Why Small Companies

  • Higher Growth/Nimble Operations
    Small companies grow from a smaller arithmetic base. It is easier to double sales of a $15 million company than sales of a $15 billion company. Small companies are often in growing industries and find it easier to change their strategy in response to market conditions. Smaller companies are often run by their founders or a small group of managers who are more motivated to increase shareholder value.

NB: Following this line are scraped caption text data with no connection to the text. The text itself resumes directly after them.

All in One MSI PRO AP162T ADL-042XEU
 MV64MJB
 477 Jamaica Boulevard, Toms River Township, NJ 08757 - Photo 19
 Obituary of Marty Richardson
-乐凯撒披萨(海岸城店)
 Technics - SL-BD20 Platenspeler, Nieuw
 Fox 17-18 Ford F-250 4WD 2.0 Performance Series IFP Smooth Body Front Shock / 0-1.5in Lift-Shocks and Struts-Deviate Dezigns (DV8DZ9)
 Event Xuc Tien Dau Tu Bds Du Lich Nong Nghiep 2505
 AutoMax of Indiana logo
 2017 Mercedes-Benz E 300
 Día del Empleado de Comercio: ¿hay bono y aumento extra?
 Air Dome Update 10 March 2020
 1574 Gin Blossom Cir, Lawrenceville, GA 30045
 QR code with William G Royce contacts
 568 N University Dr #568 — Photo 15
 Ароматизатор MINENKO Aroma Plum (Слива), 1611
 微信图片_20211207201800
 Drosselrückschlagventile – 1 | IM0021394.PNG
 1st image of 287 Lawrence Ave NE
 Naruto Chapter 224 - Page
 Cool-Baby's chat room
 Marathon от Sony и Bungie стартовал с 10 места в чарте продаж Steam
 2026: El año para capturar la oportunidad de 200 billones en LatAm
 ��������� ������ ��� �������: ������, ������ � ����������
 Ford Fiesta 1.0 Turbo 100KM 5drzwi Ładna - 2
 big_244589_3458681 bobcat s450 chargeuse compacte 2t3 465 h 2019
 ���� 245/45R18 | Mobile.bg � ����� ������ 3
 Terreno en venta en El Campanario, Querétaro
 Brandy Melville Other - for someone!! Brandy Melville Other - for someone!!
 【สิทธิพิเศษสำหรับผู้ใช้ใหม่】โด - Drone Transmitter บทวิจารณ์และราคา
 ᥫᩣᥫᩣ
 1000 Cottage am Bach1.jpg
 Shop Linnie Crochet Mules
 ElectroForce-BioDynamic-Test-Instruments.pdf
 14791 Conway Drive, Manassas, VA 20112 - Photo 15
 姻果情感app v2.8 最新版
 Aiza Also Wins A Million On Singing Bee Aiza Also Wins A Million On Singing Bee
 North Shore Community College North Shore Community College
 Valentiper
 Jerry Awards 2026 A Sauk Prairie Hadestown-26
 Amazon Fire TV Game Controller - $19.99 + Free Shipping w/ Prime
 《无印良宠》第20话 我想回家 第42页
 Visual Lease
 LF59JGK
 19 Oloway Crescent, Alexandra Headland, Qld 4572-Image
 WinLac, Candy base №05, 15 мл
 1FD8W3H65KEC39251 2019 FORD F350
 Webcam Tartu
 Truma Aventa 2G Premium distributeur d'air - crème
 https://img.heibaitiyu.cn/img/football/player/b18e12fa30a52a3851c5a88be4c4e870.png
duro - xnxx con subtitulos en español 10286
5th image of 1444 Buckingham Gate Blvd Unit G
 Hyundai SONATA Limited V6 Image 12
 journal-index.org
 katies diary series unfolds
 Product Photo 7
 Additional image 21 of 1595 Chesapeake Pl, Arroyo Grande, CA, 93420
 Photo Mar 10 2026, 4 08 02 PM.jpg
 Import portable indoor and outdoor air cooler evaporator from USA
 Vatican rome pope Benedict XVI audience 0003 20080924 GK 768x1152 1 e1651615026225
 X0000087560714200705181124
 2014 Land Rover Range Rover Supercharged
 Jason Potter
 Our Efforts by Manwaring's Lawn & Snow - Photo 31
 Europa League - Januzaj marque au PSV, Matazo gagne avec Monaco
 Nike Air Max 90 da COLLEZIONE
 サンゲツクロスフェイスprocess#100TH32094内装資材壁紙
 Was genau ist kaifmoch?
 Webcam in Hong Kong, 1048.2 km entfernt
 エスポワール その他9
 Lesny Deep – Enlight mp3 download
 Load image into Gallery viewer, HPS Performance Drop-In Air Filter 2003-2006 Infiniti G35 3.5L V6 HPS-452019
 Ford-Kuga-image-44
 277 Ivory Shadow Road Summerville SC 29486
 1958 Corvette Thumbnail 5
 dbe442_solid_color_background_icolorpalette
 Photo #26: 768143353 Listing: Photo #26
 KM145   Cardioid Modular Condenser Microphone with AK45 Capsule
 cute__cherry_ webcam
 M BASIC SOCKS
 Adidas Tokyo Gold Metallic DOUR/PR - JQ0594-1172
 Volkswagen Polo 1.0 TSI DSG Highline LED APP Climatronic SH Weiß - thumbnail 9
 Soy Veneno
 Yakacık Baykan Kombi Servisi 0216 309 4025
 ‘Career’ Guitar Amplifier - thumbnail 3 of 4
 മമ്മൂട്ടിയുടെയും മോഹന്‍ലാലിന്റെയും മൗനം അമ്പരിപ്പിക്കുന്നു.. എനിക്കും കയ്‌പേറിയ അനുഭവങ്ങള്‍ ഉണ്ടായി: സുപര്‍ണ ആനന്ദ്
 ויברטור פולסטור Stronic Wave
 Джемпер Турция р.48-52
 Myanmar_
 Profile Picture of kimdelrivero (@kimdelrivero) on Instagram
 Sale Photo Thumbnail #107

  • Greater universe of opportunities
    The 80-20 rule of investing: 80% of Wall Street research is focused on under 20% of publicly traded companies, those with market capitalizations over $1.5B. This leaves a large number of companies with little analyst coverage. With few investment managers performing in-depth research on these smaller companies and the rest relying on conventional research, an astounding number of smaller companies get overlooked. Focusing on this larger number of undiscovered companies increases the odds of uncovering hidden value.
  • Inefficient market
    Because few, if any, brokerage firms cover small companies, there is a greater possibility of market inefficiencies. A liquidity problem exists because most small companies have relatively few shares that trade on a daily basis. This liquidity problem prevents many large institutions from investing in these companies. This reduces the number of buyers for the stock and can cause the stock price to be unjustifiably low. Conversely, when a large buyer tries to buy an illiquid stock, the price can go up dramatically.  A small company that grows and performs well will draw more attention, increasing trading volume and driving up valuation.